These vectors point from the center of the sphere to the vertices of your polygon. Two such vertices are joined by a greatcircle arc. That greatcircle is the intersection of your sphere with a plane through the origin. That plane through the origin is defined by its normal vector. The cross product of two vectors is perpendicular to both of them, so you can use the cross product to compute these normal vectors. Writing $v_i=(x_i,y_iz_i)$ for the vertices, you get the normals of the edges as

$$n_i = v_i\times v_{i+1}$$

The angle at a vertex is equal to the angle between the corresponding normal vectors. You can compute that using the dot product, dividing by the lengths to ensure normalization:

$$\alpha_i = \pm\arccos- \frac{n_{i-1}\cdot n_{i}}{\lVert n_{i-1}\rVert\,\lVert n_i\rVert}$$

The minus sign in there is because for a normalized dot product of $1$, both normals point in the same direction, so you have zero change in direction but the inner angle there is $180$.

So which sign should you choose for the $\pm$ in there?

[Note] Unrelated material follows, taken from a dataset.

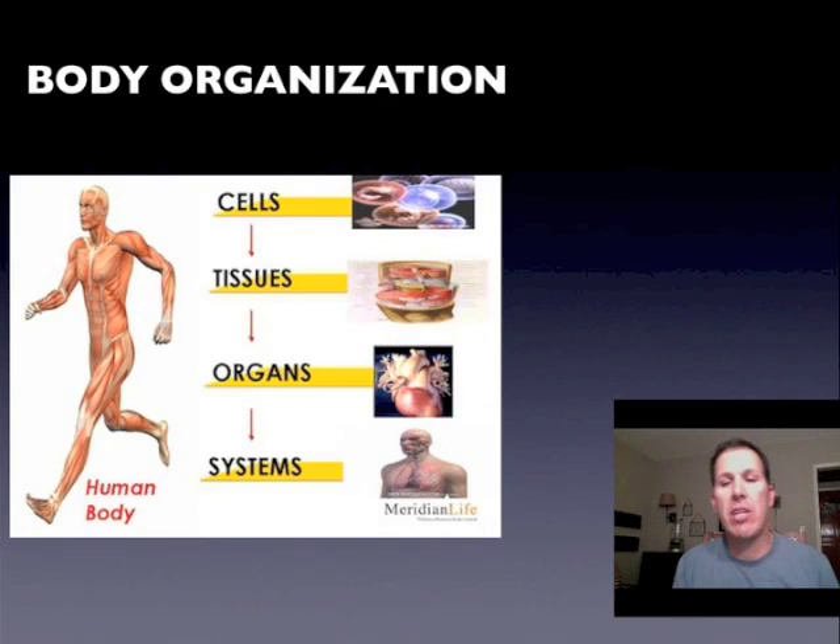Today we're going to talk about body organization — this is getting us into chapter four. We're now into life science. We've been thinking like a scientist and doing some labs, so now we're actually going to get into some life science and start talking about cells and using the microscope in the upcoming week.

For that, look at the determinant of the $3\times3$ matrix formed by $v_{i-1}$, $v_i$ and $v_{i+1}$. The sign of that matrix will tell you whether the triangle these three vectors form on the surface is oriented clockwise or counter-clockwise. Take the sign from this and the value from the $\arccos$ above and you should be almost done.

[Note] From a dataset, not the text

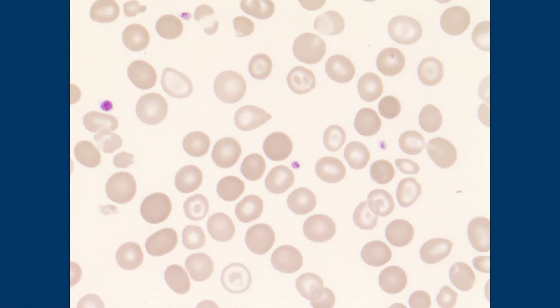If you think about structurally what is happening in order to see a target cell — instead of the normal biconcave disc, you have a bolt in the middle to be able to see that. A lot of target cells are seen in iron deficiency as well, so both thalassemia and iron deficiency can have them.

As usual with signs, you have a decision to make: which sign is which? Well, one choice of sign (e.g. exactly as described above) will lead you one polygon, the other (with the sign of the determinant flipped, or eqivalently the order of vectors inside the determinant reversed) leads to the complementary polygon. One will have all its vertices in clockwise order, the other in counter-clockwise order. Trying this out on a tiny example (e.g. three points forming three right angles) will tell you which one is which.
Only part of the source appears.